LA BALADA DEL PADRE GILLIGAN

El viejo sacerdote Peter Gilligan

estaba fatigado noche y día;

pues la mitad de su rebaño estaba en cama

o bajo el césped verde ya yacía.

Una vez, dormitando en una silla,

a la hora en que salen las polillas,

otro pobre hombre lo mandó llamar,

y él empezó a sufrir.

—No tengo paz, descanso ni alegría,

pues la gente no para de morirse.

Y enseguida gritó: —¡Padre, perdón!

¡Ha hablado mi cuerpo, no yo!

Se arrodilló y apoyándose en la silla

rezó y se quedó adormilado;

y el atardecer se retiró de los campos,

y fueron asomando las estrellas.

Poco a poco se hicieron millones,

y a las hojas las sacudió el viento;

y Dios cubrió de sombra el universo,

y le susurró al género humano.

A la hora en que pían los gorriones

cuando volvieron las polillas,

el viejo sacerdote Peter Gilligan

se levantó y se puso de pie.

—¡Huy! ¡Huy!

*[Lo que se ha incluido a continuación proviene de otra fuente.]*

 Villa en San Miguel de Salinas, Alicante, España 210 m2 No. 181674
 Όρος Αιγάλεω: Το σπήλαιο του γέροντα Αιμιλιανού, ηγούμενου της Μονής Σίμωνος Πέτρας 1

El hombre se habrá muerto

mientras yo dormía en la silla.

Hizo que despertara su caballo,

y cabalgó a toda prisa.

Cabalgó como nunca antes hiciera,

por sendas pedregosas y pantanos;

la mujer del enfermo abrió la puerta;

—¡Padre! ¿Otra vez usté aquí?

—¿Ha muerto el desgraciado? —gritó.

—Murió hace una hora.

El viejo sacerdote Peter Gilligan

se tambaleó de dolor.

—Al irse usté, se trastornó y murió

alegre como un pájaro.

El viejo sacerdote Peter Gilligan

se arrodilló al oír esta noticia.

—Aquél que hizo la noche estrellada

para almas que se cansan y desangran,

envió a uno de Sus magníficos ángeles

para ayudarme cuando hacía falta.

—Aquél a quien envuelven mantos púrpuras,

y de los astros cuida,

se apiadó de la cosa más pequeña

dormida en una silla.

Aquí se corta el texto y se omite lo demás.